Über die Tekeze-Brücke sind TPLF-Streitkräfte dafür bekannt, die Infrastruktur zu zerstören und dann mit dem Finger auf andere Gruppen zu zeigen.
Al Jazeera: Also haben die Truppen der Amhara die Brücke nicht zerstört?
Fantas: Nein überhaupt nicht.
Al Jazeera: Haben Sie Beweise dafür, dass die TDF die Brücke gesprengt hat?
Fantas: Es ist TDF.
Sie sollten die Aggression stoppen, aufhören, in andere einzudringen und Gräueltaten zu begehen. Es gibt keinen Gewinn aus Konflikten. Konflikte sind schädlich.

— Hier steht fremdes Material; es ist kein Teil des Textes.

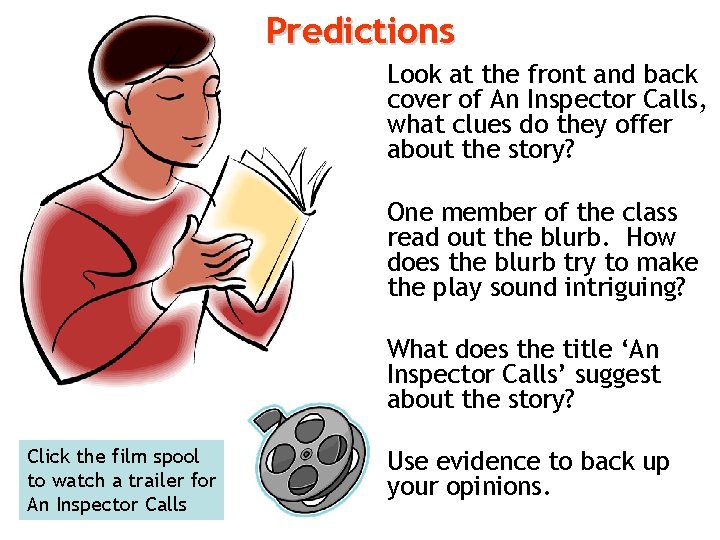 Predictions Look at the front and back cover of An Inspector Calls, what clues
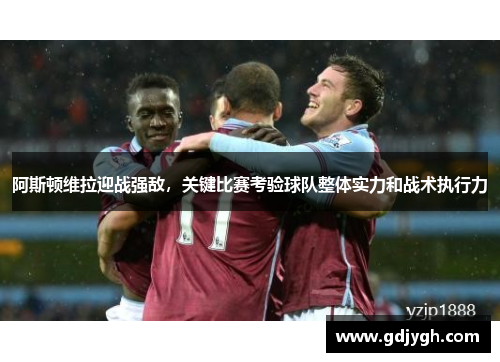 阿斯顿维拉迎战强敌，关键比赛考验球队整体实力和战术执行力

Wir sind sehr besorgt. Es braucht Frieden. Zivilisten müssen produktive Tätigkeiten ausüben, damit sie sich selbst ernähren können. Es gibt keinen Konflikt zwischen dem Volk der Tigray und der Amhara. Es ist die TPLF, die die Tigray-Leute in die Konfliktarena drängt und die Amhara-Leute dazu zwingt, sich zu verteidigen.